Alright, I need to vent a little here. Since I came to college in the fall of 2004, most of my friends have split up across ohio, but most of my closeknit group remain in my hometown. I see them whenever I visit home and occassionally they visit me here at OSU. However we have had one tradition every year since I came to school: Four of my best friends from home come to OSU and stay from Thursday thru Sunday of the Michigan week. Thursday we jump in the lake. Friday night we hit up the bars/keggers as need be, and on Saturday we do the gameday thing before they go home sunday (possibly staying to watch some football that day as well). Its a tradition we all agreed on, just like I go home for St. Patricks day to celebrate there with them.
However, this year one of our friends, who we shall call "Nate", is not coming. He doesn't worry about class because his are all online, he doesn't have to work, and there is no family event. It has to do with one person...his girlfriend. They have been dating since our senior year of high school. They live in the same town and see each other everyday. And by everyday I mean at least 6 hopurs of the day they are together. Anyways, it turns out that he won't be coming this weekend because on Friday night he will be going with his girlfriend to one of HER friends b-day parties. He doesn't even know her. So he has blown off this yearly tradtion to spend time with his group of male friends that get together maybe 5-6 times a year to hang with the person he sees everyday.
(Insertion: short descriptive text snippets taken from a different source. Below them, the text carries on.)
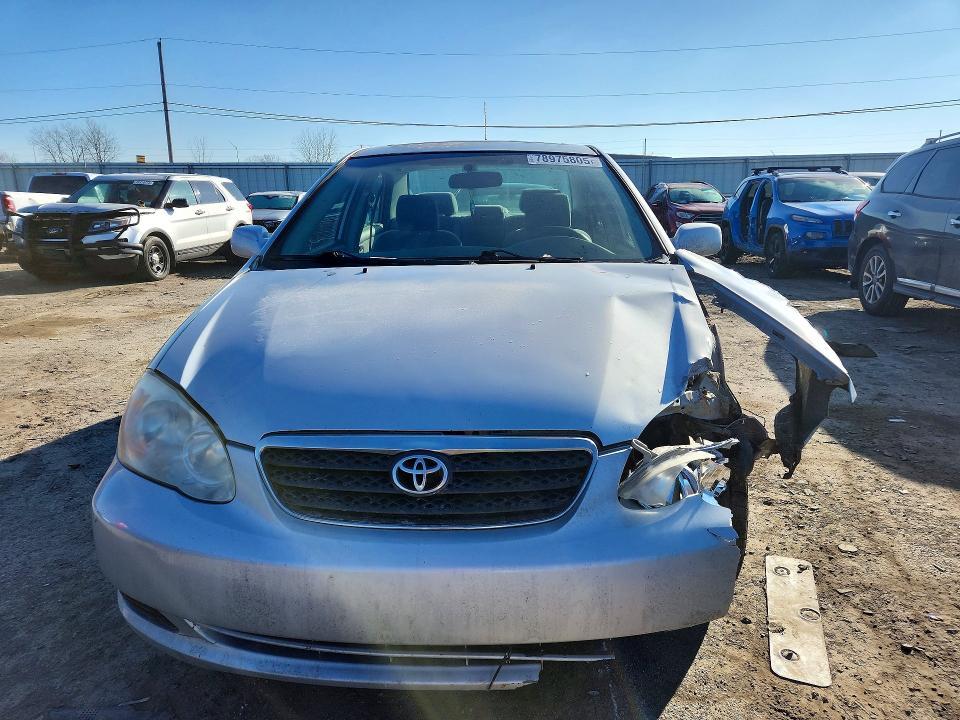 2006 Toyota Corolla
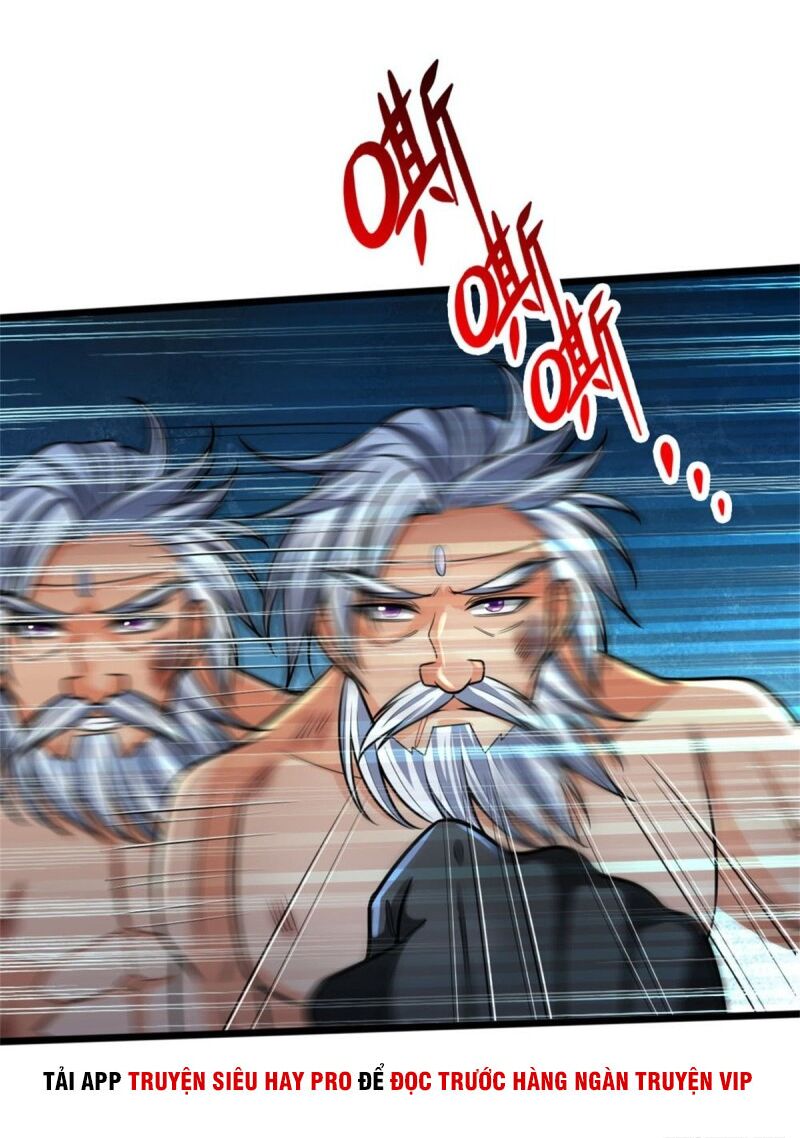 Thần Võ Thiên Tôn Chap 169 - Next Chap 170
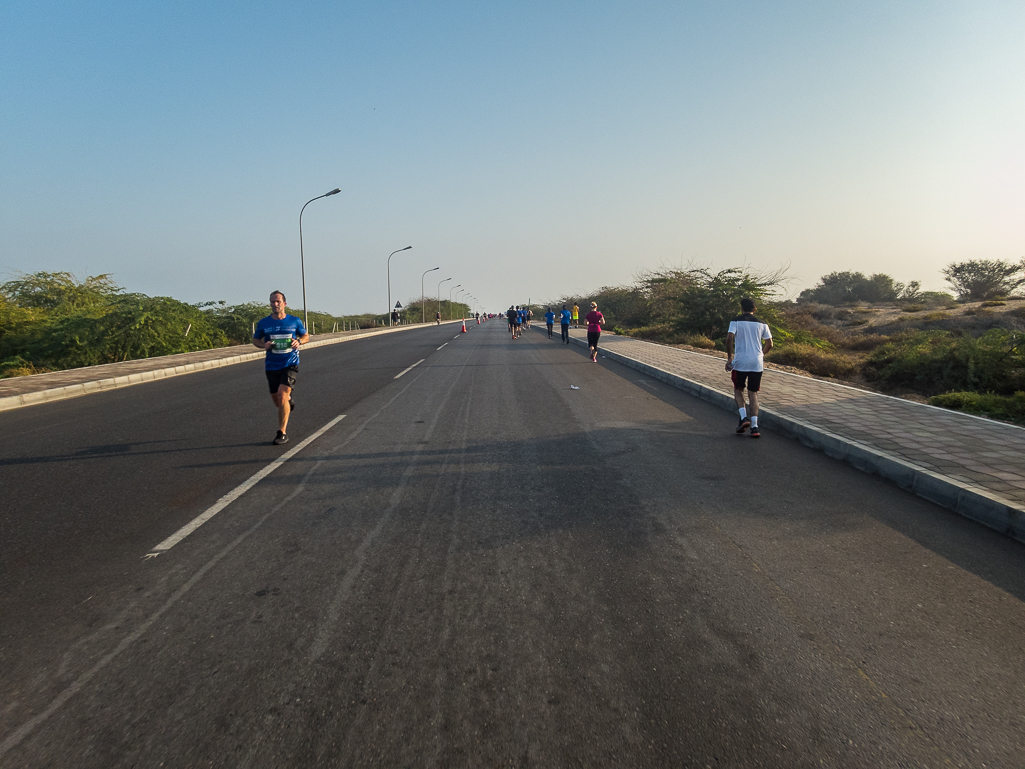 Muscat Marathon 2019 - Tor Rnnow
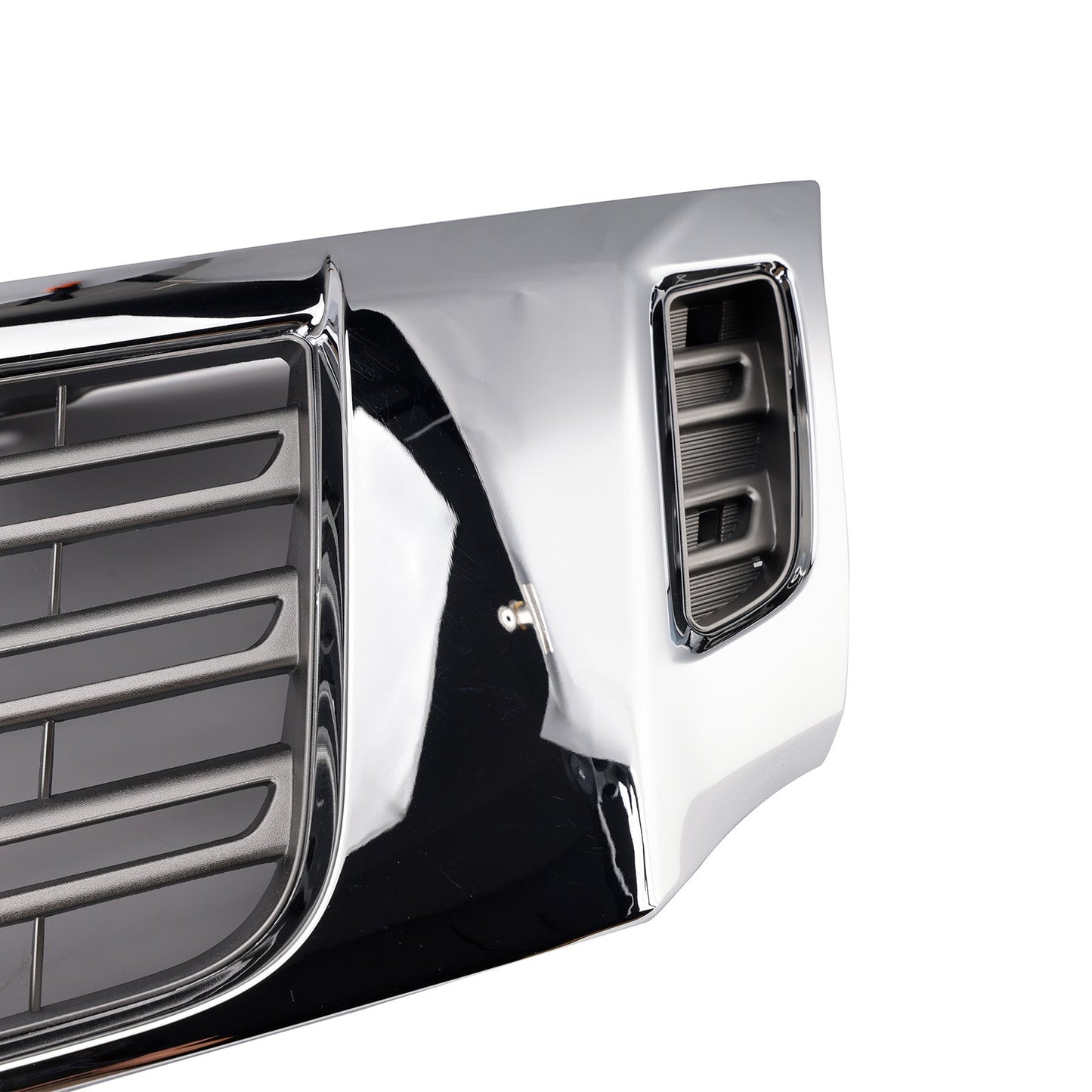 Griglia paraurti anteriore cromata D23 per Nissan Navara NP300 2015-2020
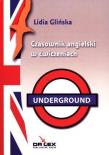 Czasownik angielski w ćwiczeniach. Autor: Lidia Glińska. Dadada.pl Okładka książki Czasownik angielski w ćwiczeniach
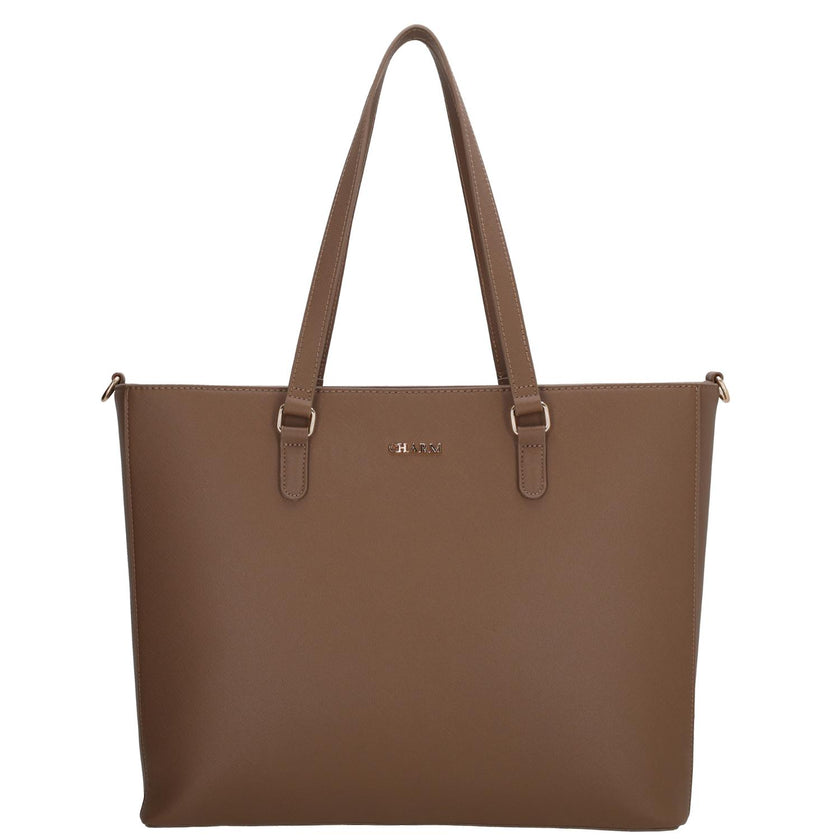 Charm Shopper 19228 Mokka 1273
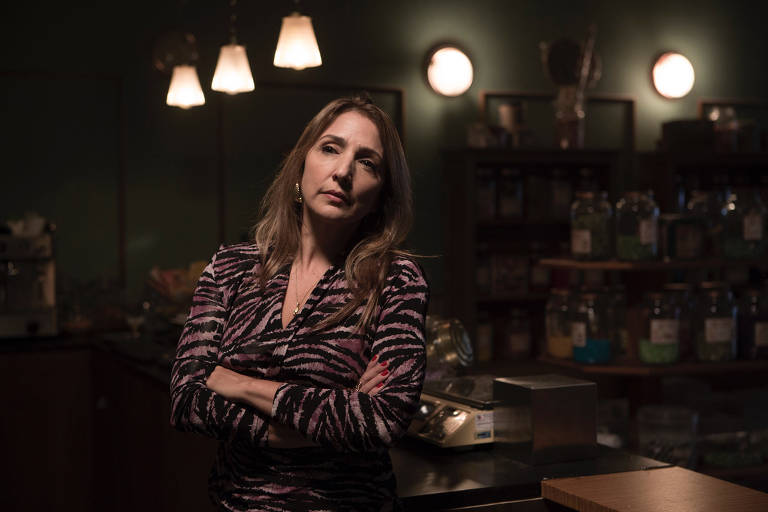 Primeira série brasileira da HBO Max traz Maria Flor investigando crime no  Copan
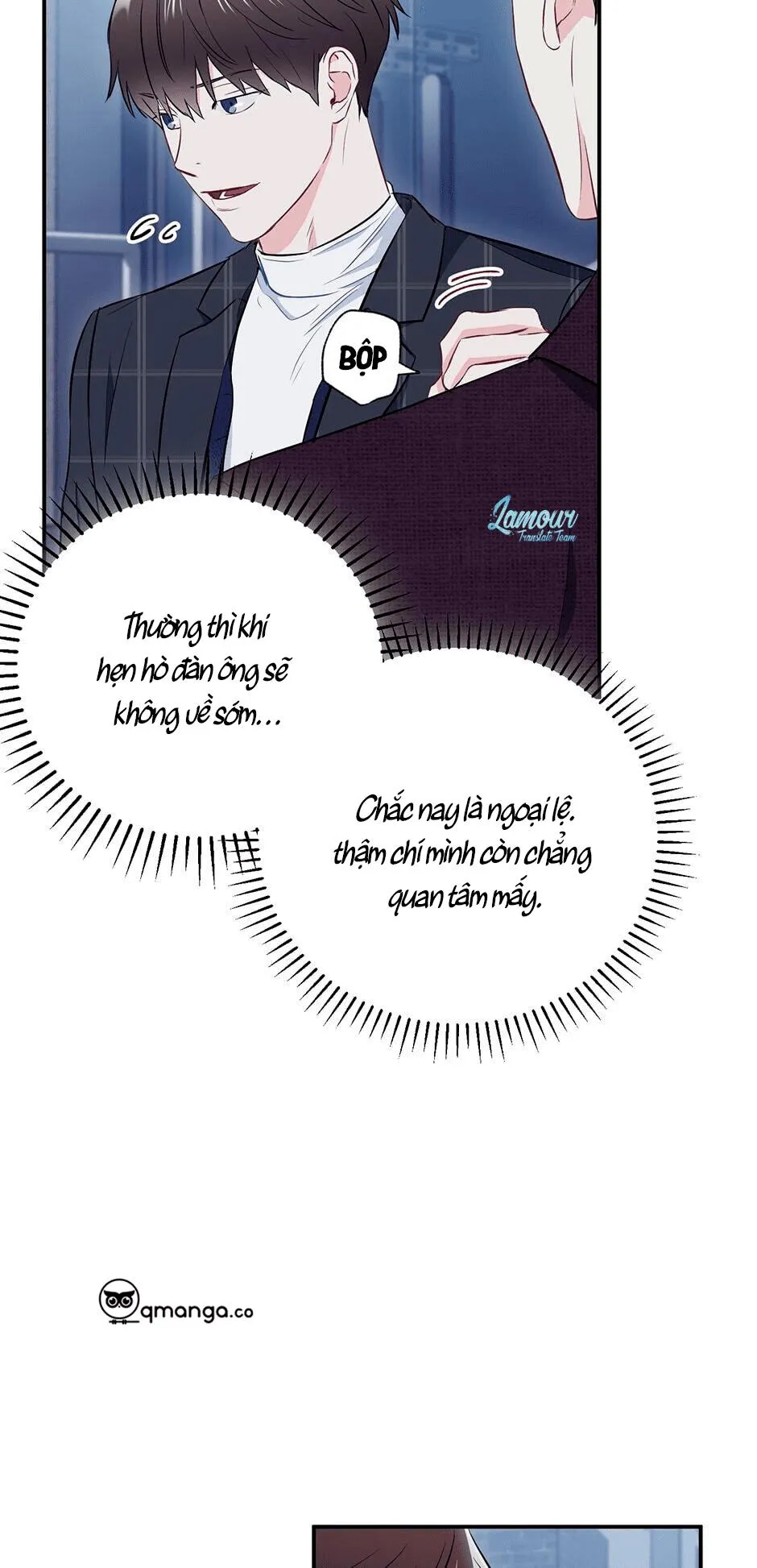 Tình anh em xã hội chủ nghĩa Chapter 12 Trang 75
And he won't come thursday because hes supposed to go shopping with his girlfriend friday morning or Saturday because the game is too early since he'll be out friday night.
Every man knows there is a code, and Nate you broke that: here is Dr. House to explain...
The only reason people get lost in thought is because it's unfamiliar territory.
It's funny you bring this up....i'm having the same prb with one of my best friends...we are like brothers...and as of late he has been with this girl like every freaking day for the last 6 months...she transfered to OSU and has taken over his life...it's really quite pathetic...she comes out EVERYWHERE...gets pretty annoying...shes cool and all but it gets old when it's every single time...even if it's just guys hangin out..he would come out for a few then leave early with his gf...it makes me sick....i told him to jus cut off his balls and hand em to her
There is one thing you need to learn. It took me a long time.
Friends are friends, the good ones are around no matter what and some you just seem to lose touch. But one thing remains true. If you really love your significant other and want to spend the rest of your life with them then they are the most improtant friend in your life.
The "code" is for single guy's as an excuse for their taken friends to spend time with them.
I fell into the trap quite a while back and chose my friends over my girlfriend at the time who might have been the best thing that ever happened to me. Whom I also have a child with and was engaged.
You know where i'm at now? Single while those same friends have girlfriends that they spend most of their time with.
It's called growing up and getting your priorities straight.
It's tough as relationships become more than just casual dating and things get serious. My best buddy since we were 5 or something recently got married and while I am happy for him, since he got serious with his new wife, I don't see him much or anything anymore. We used to get together almost EVERY weekend and now if it's once every few MONTHS that's good.
As others have said, part of the growing up process. When you find that one, or think you have your life's priorities change real quick. I am one to talk as I am very much in love with my girlfriend, but certain friends I always try to make time for.
And if time is hard now, it will only get harder once kids and the whole family thing take over. It's exciting in one regard, but also hard for some of us that don't want things to change so quickly. Looking back, you wonder exactly where those 4, 5 or 6 years of college went. They can go by so incredibly quick it's not funny. I wish I could go back and tell myself when I was 18 to enjoy the next 4 years b/c once those are done, life changes all over the place. Some good, some not. Regardless, have fun. College is the only time where you have all that freedom and friends and girls EVERYWHERE. Big adjustment into the real world for me at least...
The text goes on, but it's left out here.